§ **Work task**: Begin your transcription at the line containing "Bassura City Apartment by Aok Property" and continue it, word for word, to the final line below. Include only those lines and skip the pictures.

Scraped caption text data
════
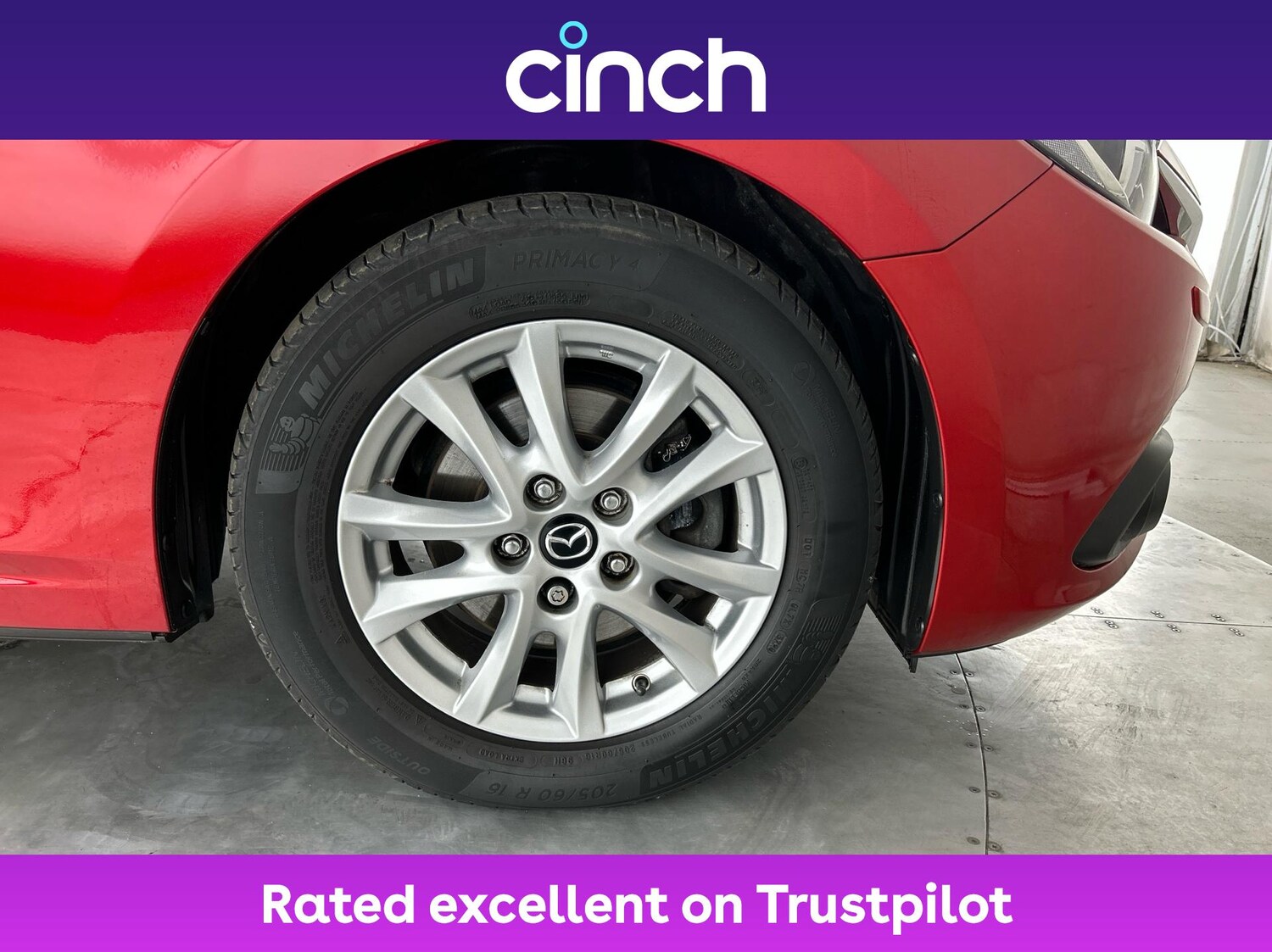 Used Mazda Mazda3 2016 for sale - 76311405: Photo 28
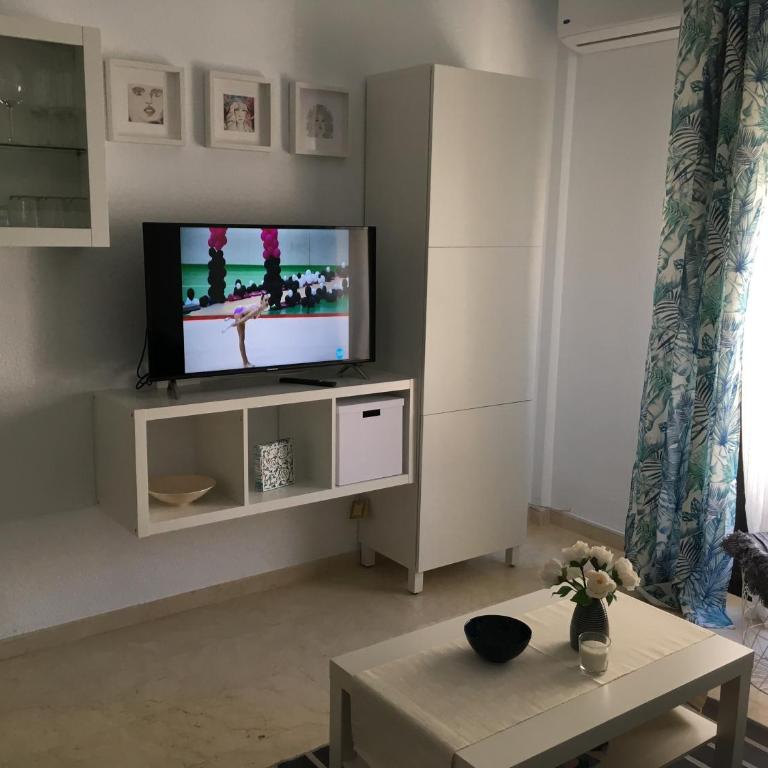Apartamento Trinidad mit Netflix - Apartamento - 18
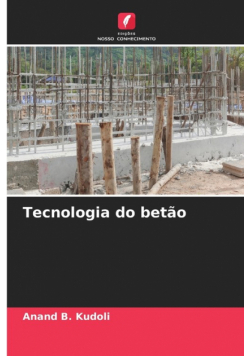 Tecnologia do betão
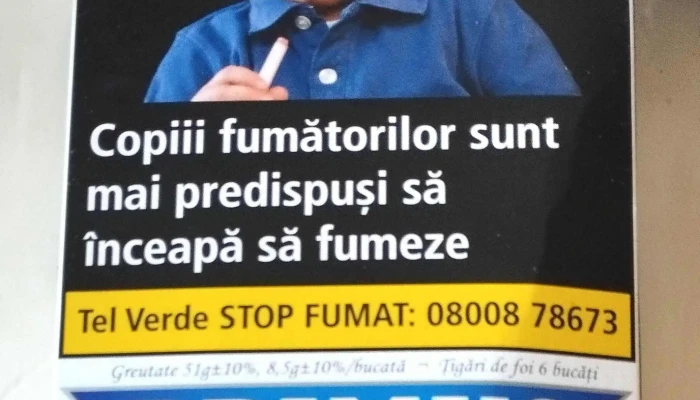 Rona Dohanyfeldolgozo Kft Gyarto - Debrecen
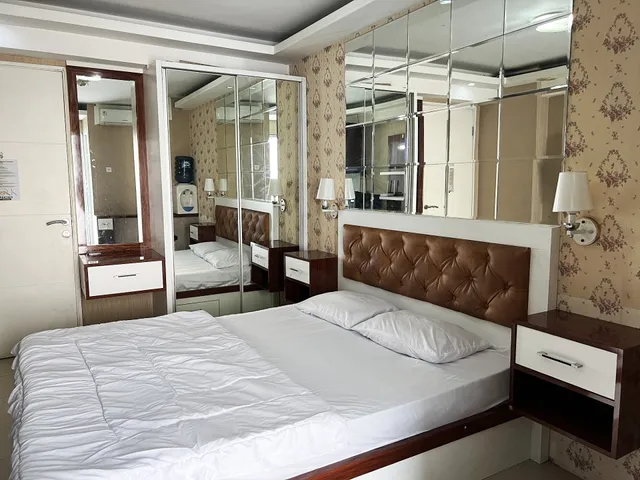 Bassura City Apartment by Aok Property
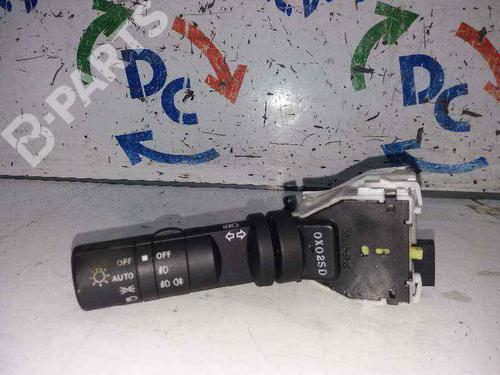 Used Steering column stalk NISSAN QASHQAI / QASHQAI +2 I (J10, NJ10, JJ10E) [2006-2014]  5168603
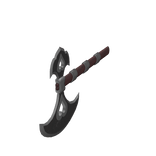 Battle Axe (Handheld)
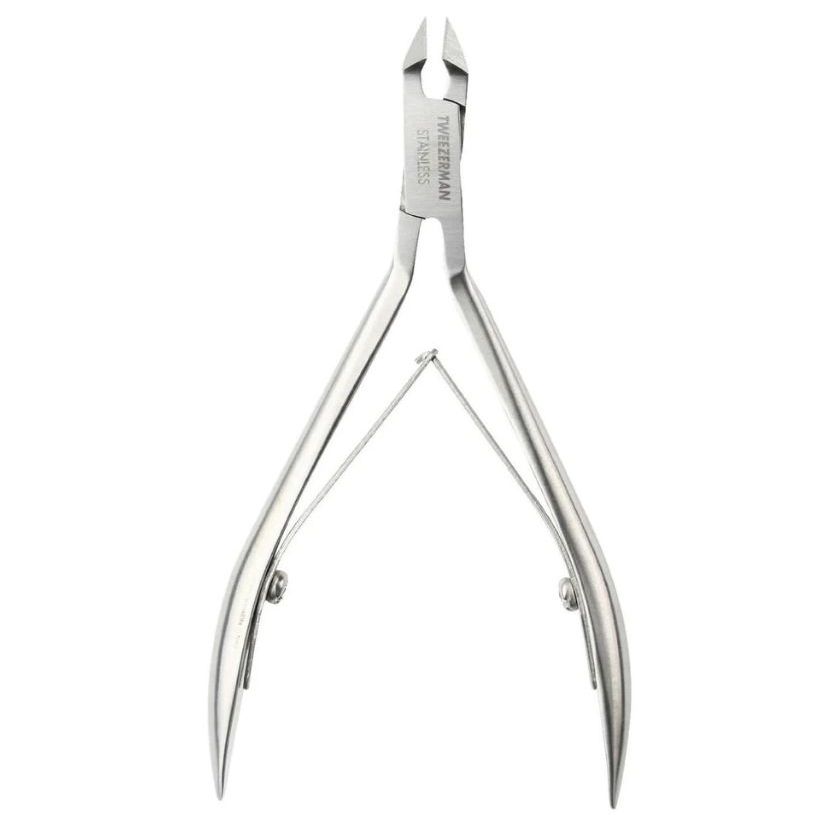Tweezerman Rockhard Cuticle Nipper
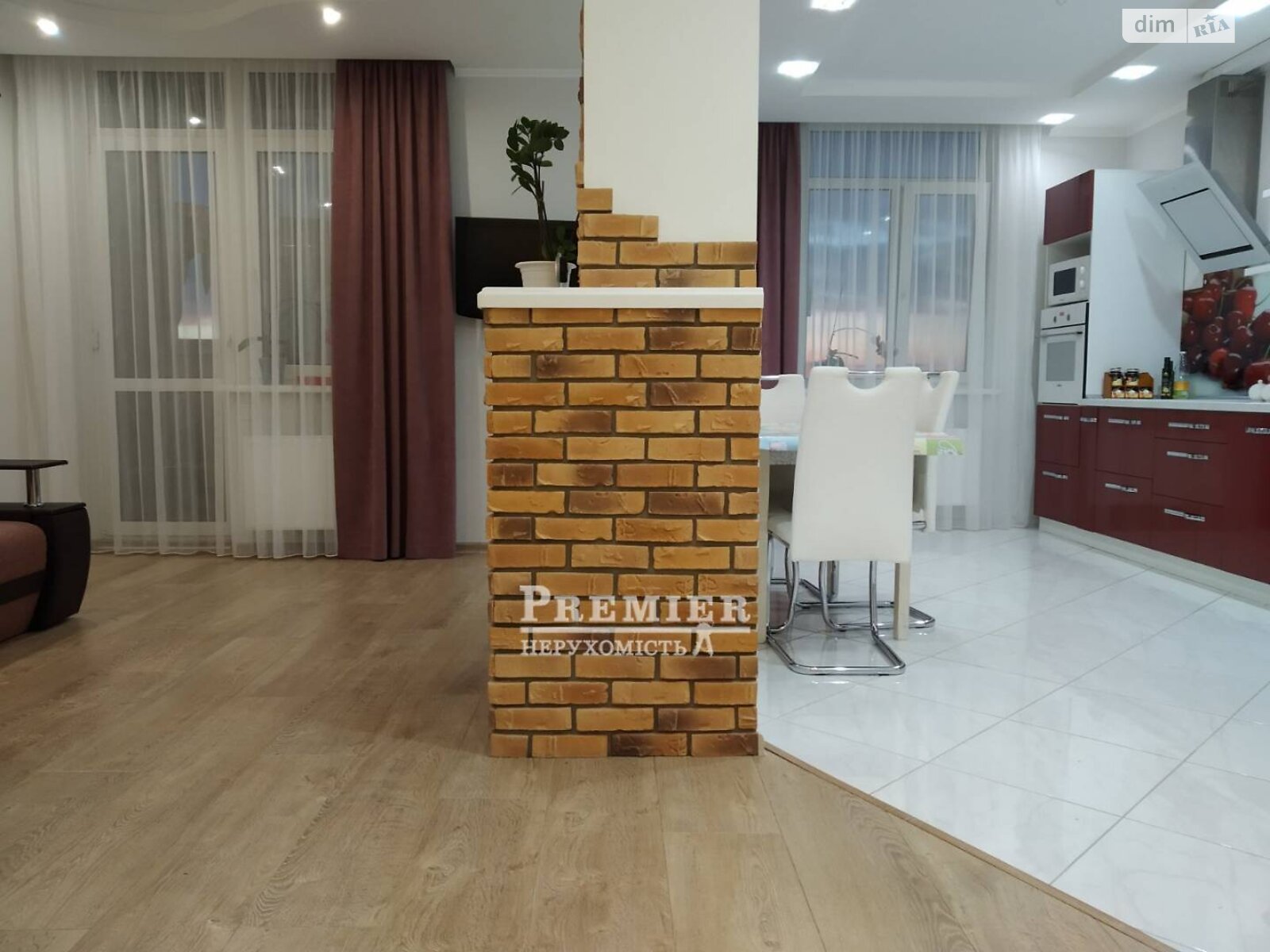 Продажа трехкомнатной квартиры в Одессе, на ул. Проценко, район Слободка фото 1 Продажа трехкомнатной квартиры в Одессе, на ул. Проценко, район Слободка фото 1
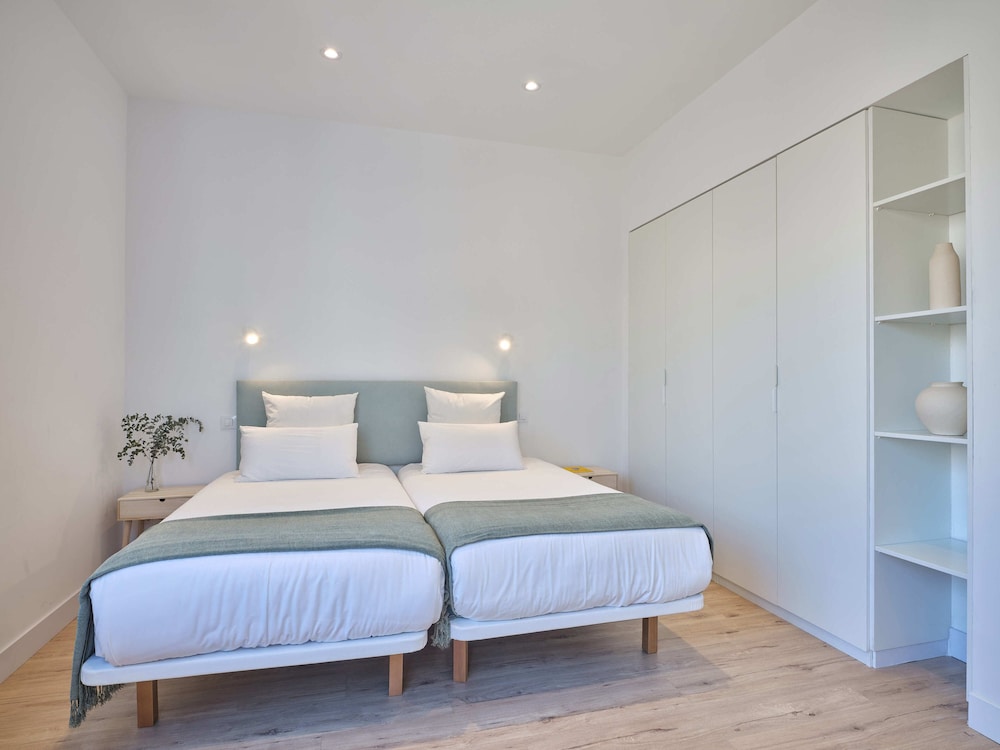 Deluxe Room (Doble) photo 2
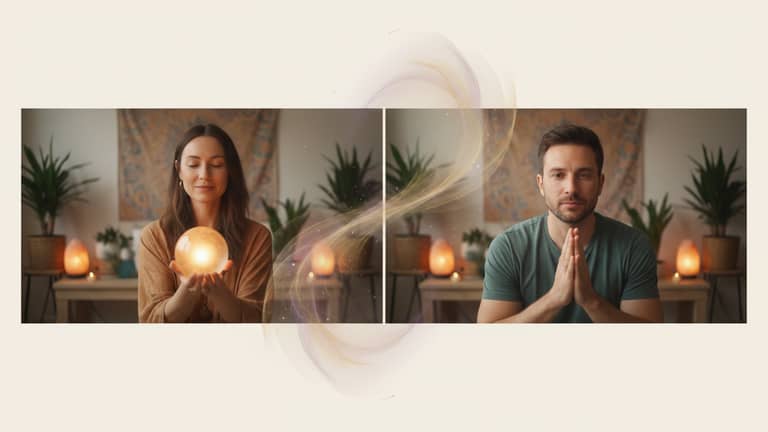 Spirituelle Beratung Online Zwischen Abzocke, Hilfe und KI-Revolution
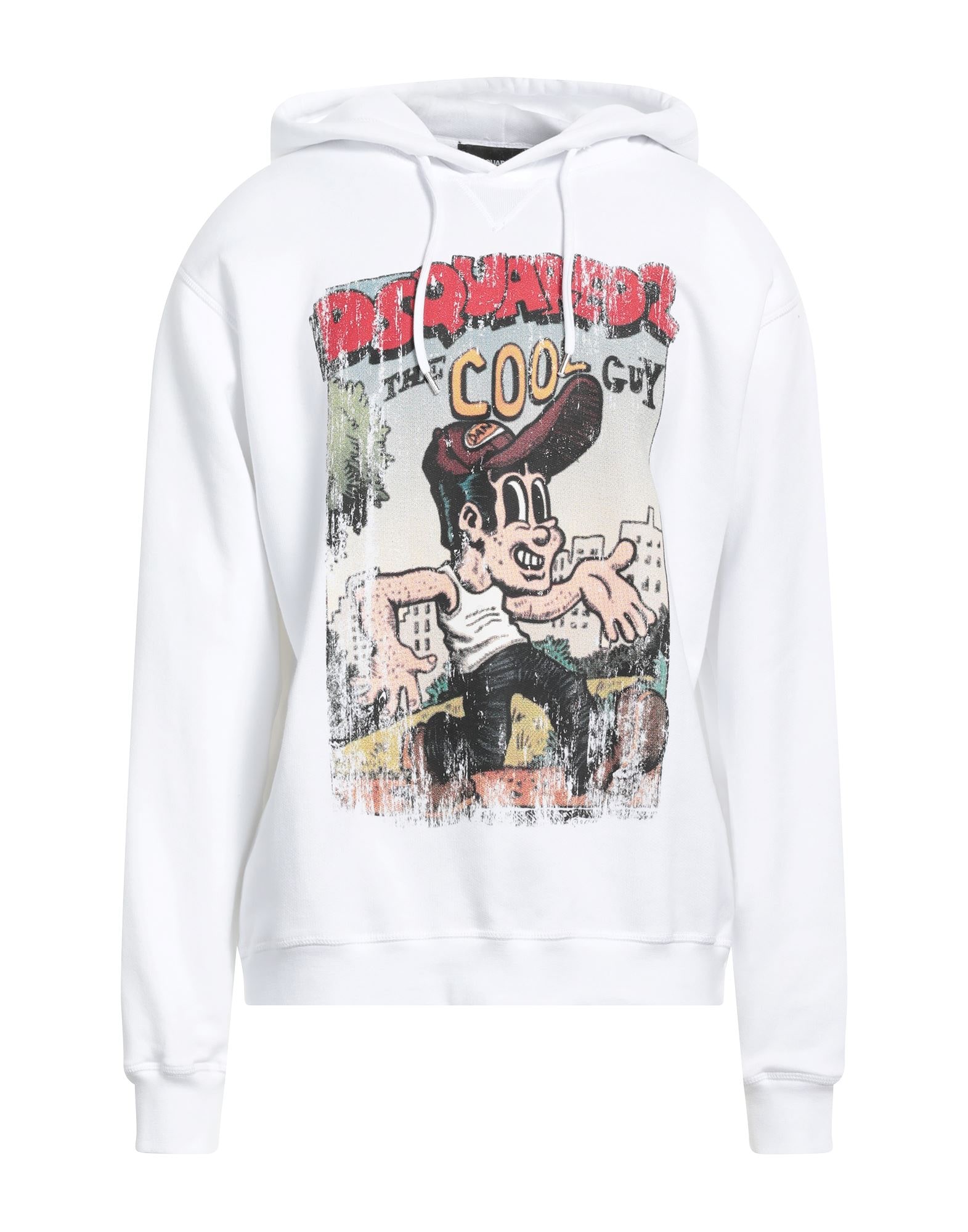 DSQUARED2 - Sweatshirts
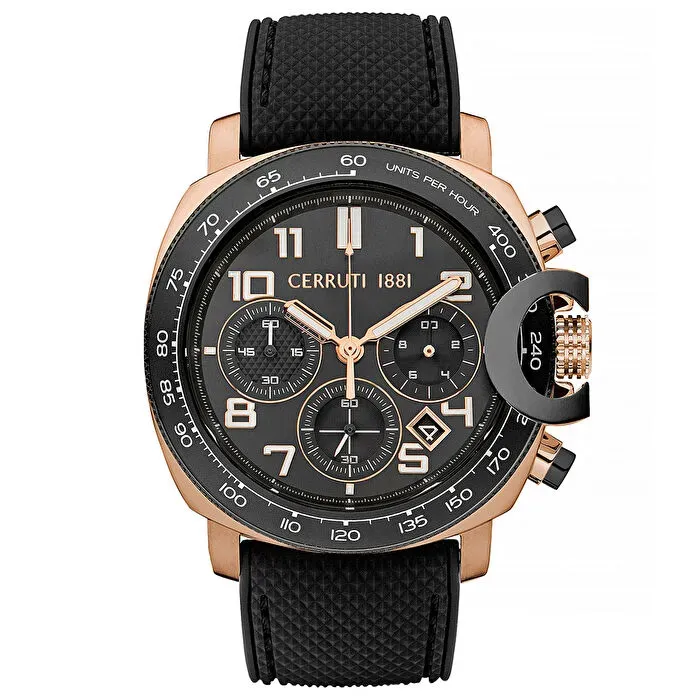 Cerruti 1881 CIWGO2206802 Erkek Kol Saati
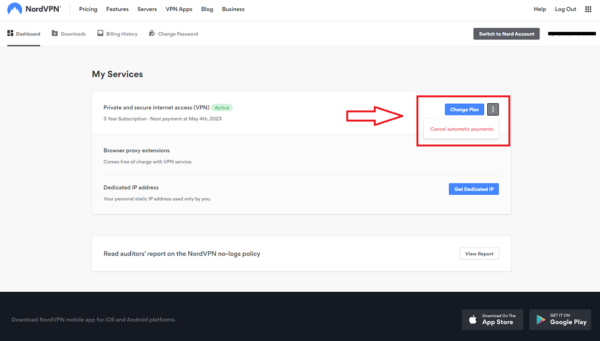 nordvpn cancel refund nordvpn cancel refund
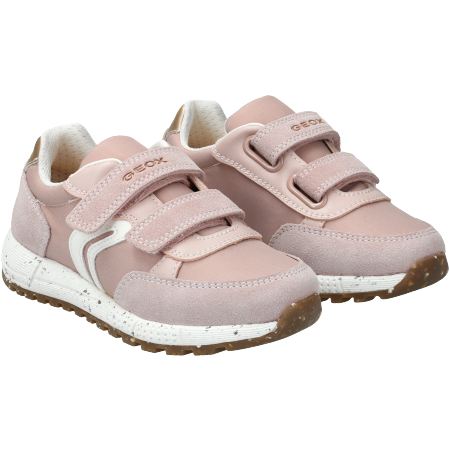 Geox ALBEN - Beige - Paar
════
§ **Response**:
 Bassura City Apartment by Aok Property
 Used Steering column stalk NISSAN QASHQAI / QASHQAI +2 I (J10, NJ10, JJ10E) [2006-2014]  5168603
 Battle Axe (Handheld)
Tweezerman Rockhard Cuticle Nipper
 Продажа трехкомнатной квартиры в Одессе, на ул. Проценко, район Слободка фото 1 Продажа трехкомнатной квартиры в Одессе, на ул. Проценко, район Слободка фото 1
 Deluxe Room (Doble) photo 2
 Spirituelle Beratung Online Zwischen Abzocke, Hilfe und KI-Revolution
 DSQUARED2 - Sweatshirts
 Cerruti 1881 CIWGO2206802 Erkek Kol Saati
 nordvpn cancel refund nordvpn cancel refund
 Geox ALBEN - Beige - Paar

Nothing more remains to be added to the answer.